- **Stored data**:
- Opening Delimiter -
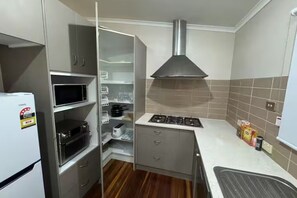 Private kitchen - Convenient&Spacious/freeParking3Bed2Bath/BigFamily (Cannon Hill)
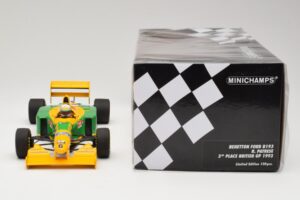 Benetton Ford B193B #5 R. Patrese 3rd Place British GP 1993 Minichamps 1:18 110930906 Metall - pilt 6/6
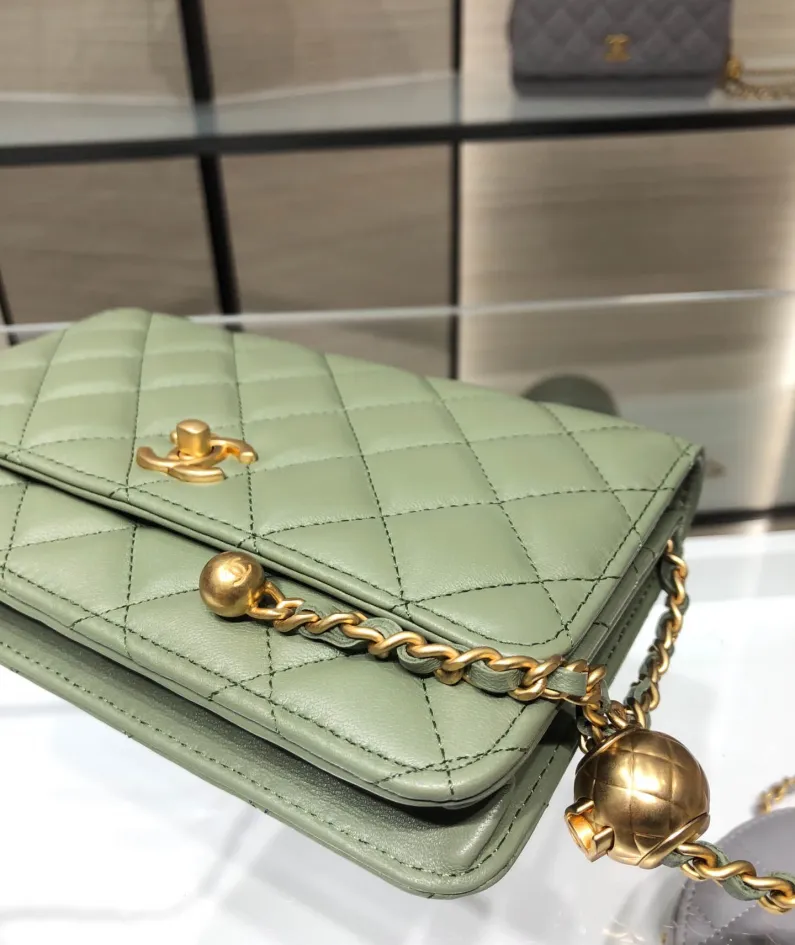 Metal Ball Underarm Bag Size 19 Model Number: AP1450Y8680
- Closing Delimiter -
- **What to work on**: Would you repeat the listing word for word and skip every picture?

- **Answer to the problem**:
 Private kitchen - Convenient&Spacious/freeParking3Bed2Bath/BigFamily (Cannon Hill)
 Benetton Ford B193B #5 R. Patrese 3rd Place British GP 1993 Minichamps 1:18 110930906 Metall - pilt 6/6
 Metal Ball Underarm Bag Size 19 Model Number: AP1450Y8680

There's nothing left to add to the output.